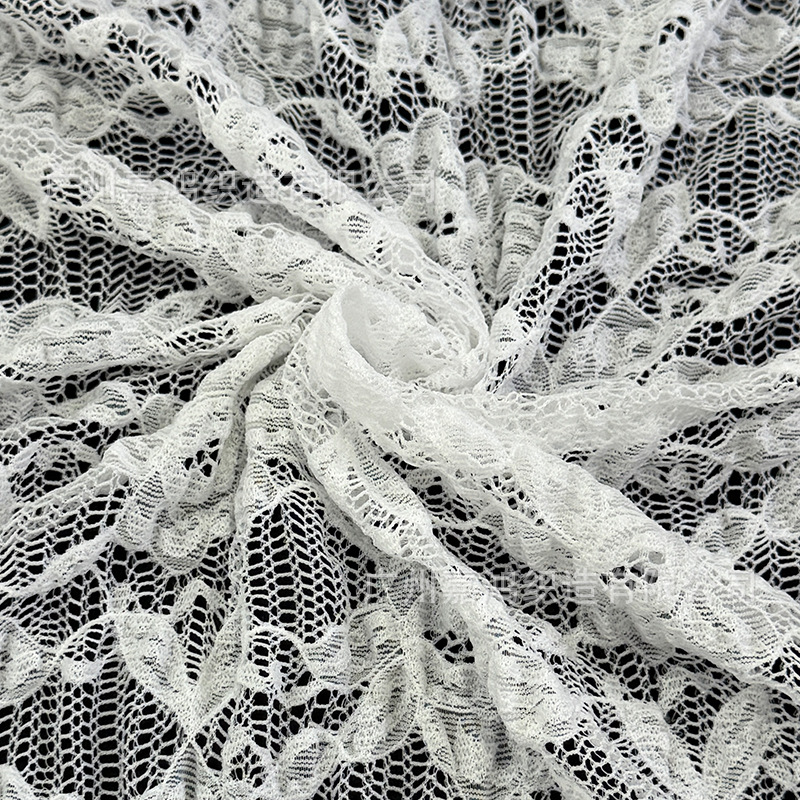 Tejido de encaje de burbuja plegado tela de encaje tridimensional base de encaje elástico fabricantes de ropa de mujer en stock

* * *

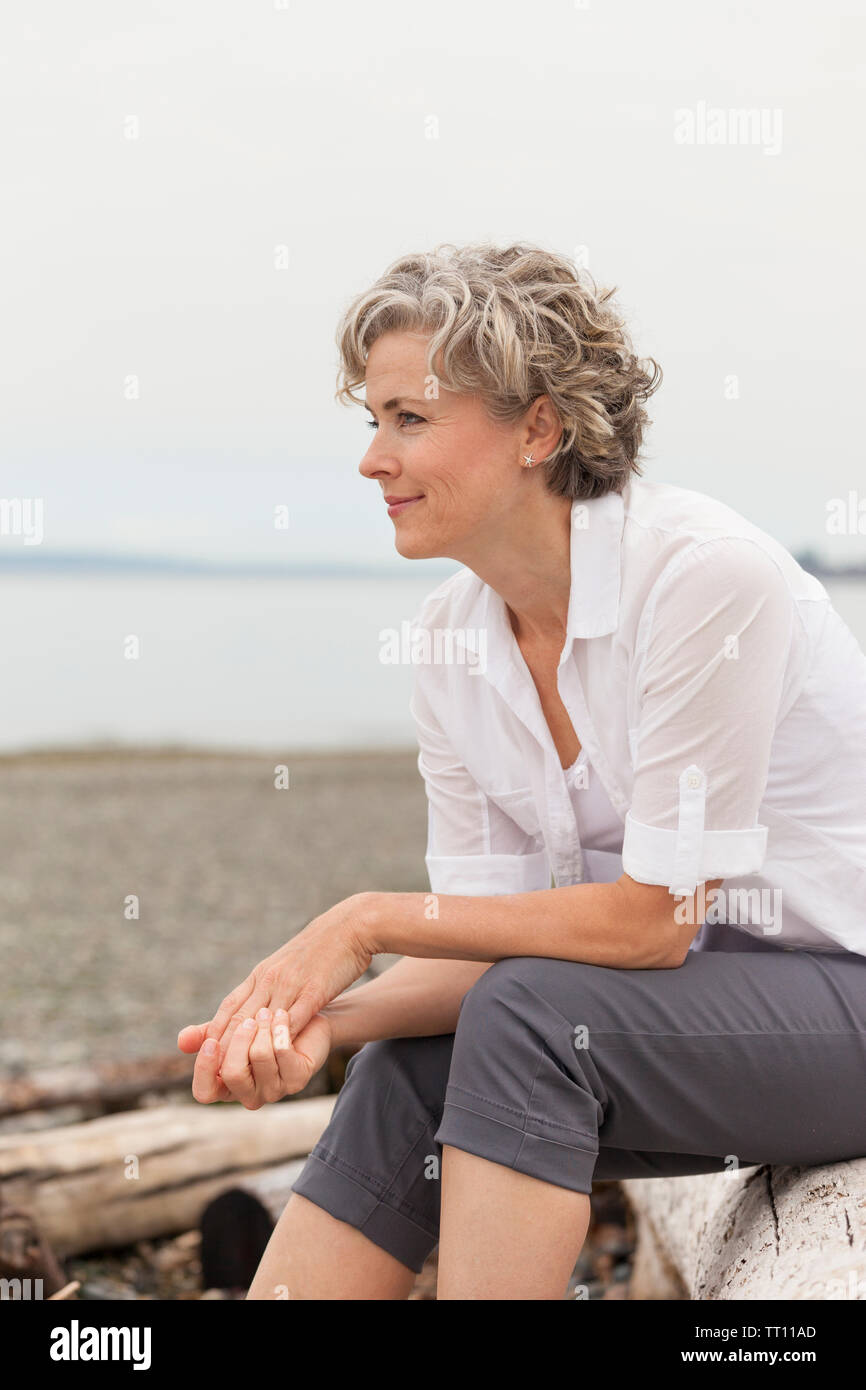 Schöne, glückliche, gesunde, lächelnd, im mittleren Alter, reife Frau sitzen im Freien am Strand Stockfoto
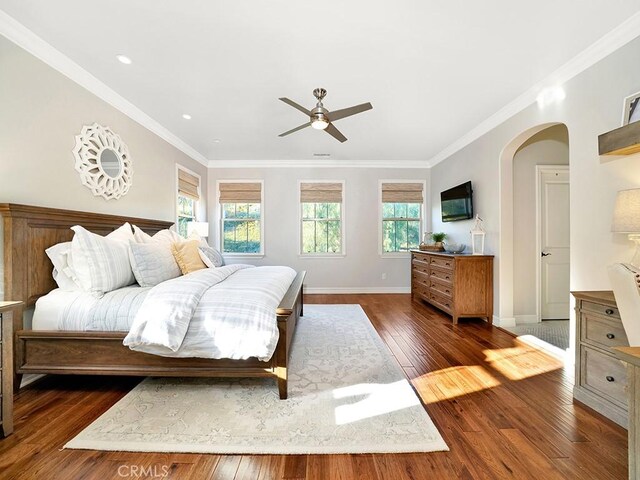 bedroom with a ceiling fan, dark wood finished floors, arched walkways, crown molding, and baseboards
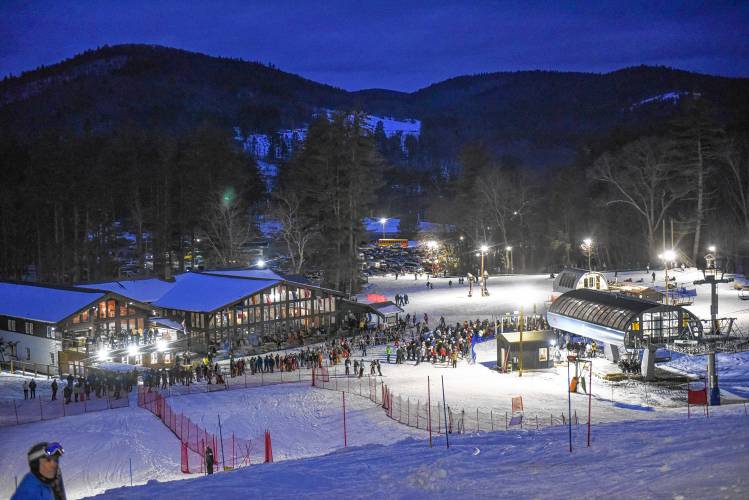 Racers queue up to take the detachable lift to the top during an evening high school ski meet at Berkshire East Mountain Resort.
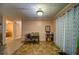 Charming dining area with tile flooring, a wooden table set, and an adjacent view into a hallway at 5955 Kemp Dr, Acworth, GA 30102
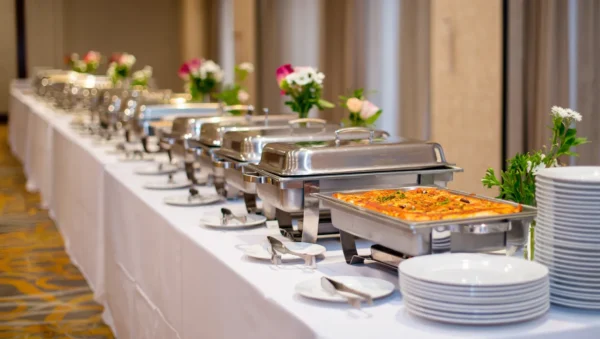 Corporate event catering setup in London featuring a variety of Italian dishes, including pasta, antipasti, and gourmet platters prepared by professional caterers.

- Exercise -
Look back over the records above. Reproduce exactly everything from the line with "bedroom with a" down to the line with "Racers queue up", inclusive, and leave the pictures out.

- Answer below -
 bedroom with a ceiling fan, dark wood finished floors, arched walkways, crown molding, and baseboards
 Racers queue up to take the detachable lift to the top during an evening high school ski meet at Berkshire East Mountain Resort.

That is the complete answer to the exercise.